[Opening SUPPLIED MATERIAL section]
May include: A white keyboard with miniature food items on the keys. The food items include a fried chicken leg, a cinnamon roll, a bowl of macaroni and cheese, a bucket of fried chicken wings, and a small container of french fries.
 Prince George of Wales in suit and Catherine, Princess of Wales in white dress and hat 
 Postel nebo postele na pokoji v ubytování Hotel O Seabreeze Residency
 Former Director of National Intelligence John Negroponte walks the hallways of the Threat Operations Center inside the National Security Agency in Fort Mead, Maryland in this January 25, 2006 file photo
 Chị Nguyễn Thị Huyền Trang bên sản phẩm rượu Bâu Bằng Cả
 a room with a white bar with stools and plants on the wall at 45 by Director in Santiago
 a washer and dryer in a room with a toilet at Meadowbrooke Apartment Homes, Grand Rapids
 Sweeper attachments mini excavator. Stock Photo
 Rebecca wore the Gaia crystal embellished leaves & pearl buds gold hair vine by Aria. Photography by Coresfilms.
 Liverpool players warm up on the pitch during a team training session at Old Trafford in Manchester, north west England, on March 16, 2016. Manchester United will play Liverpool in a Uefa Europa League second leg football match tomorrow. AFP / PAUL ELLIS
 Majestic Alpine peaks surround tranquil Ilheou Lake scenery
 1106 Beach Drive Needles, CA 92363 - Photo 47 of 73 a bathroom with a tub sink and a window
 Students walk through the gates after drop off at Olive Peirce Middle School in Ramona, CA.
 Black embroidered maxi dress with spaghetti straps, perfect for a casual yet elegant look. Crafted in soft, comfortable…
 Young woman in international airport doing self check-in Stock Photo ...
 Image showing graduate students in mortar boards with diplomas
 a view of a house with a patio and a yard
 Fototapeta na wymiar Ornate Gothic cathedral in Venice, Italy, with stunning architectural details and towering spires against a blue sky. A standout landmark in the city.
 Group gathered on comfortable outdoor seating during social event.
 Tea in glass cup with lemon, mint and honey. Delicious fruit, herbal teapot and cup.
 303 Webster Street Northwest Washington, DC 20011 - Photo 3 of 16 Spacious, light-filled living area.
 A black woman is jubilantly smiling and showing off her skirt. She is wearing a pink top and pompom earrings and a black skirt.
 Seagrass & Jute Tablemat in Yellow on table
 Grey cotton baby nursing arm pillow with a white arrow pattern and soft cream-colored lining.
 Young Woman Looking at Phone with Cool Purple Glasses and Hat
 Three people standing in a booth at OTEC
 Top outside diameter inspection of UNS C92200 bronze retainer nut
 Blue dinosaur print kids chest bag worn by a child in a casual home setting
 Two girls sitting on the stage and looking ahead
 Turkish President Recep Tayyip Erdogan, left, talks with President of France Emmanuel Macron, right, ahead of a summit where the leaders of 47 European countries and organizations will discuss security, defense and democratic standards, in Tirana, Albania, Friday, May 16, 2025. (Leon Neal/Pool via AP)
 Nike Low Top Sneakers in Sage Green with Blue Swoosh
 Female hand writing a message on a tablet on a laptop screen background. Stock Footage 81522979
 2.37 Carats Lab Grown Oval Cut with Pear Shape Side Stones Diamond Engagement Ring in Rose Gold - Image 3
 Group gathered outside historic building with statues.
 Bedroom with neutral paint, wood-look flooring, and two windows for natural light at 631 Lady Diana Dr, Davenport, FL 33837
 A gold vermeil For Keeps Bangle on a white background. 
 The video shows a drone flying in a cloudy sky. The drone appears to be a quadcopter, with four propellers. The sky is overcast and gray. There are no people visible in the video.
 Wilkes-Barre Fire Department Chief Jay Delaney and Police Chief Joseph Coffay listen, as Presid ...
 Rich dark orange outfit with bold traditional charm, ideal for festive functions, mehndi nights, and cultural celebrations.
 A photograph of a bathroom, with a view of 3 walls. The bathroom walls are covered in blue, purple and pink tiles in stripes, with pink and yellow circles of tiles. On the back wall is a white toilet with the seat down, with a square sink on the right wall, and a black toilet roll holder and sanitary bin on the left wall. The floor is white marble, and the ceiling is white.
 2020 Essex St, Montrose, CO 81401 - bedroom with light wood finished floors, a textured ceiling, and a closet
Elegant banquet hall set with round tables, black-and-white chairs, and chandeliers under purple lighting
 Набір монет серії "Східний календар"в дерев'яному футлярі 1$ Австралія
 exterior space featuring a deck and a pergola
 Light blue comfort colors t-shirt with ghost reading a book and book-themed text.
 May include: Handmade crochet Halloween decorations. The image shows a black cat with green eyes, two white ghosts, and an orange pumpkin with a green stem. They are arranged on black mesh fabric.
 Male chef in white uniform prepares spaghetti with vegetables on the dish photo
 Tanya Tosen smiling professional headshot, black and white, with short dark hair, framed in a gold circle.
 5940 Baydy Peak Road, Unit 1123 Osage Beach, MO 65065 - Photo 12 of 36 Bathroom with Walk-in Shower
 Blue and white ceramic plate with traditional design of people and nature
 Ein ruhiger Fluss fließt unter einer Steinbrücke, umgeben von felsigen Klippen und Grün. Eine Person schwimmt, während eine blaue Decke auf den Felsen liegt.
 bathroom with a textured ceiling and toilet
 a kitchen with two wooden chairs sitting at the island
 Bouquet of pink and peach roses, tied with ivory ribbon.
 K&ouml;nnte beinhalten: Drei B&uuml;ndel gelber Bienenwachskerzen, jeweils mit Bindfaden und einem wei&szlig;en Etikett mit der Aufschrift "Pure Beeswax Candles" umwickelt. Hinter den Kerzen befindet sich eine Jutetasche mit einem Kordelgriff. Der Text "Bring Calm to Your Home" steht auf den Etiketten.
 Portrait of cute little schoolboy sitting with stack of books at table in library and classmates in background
[Closing SUPPLIED MATERIAL section]
Which lines of the records contain "people"? Show each of them.

• EXPECTED ANSWER:
 Three people standing in a booth at OTEC
 The video shows a drone flying in a cloudy sky. The drone appears to be a quadcopter, with four propellers. The sky is overcast and gray. There are no people visible in the video.
 Blue and white ceramic plate with traditional design of people and nature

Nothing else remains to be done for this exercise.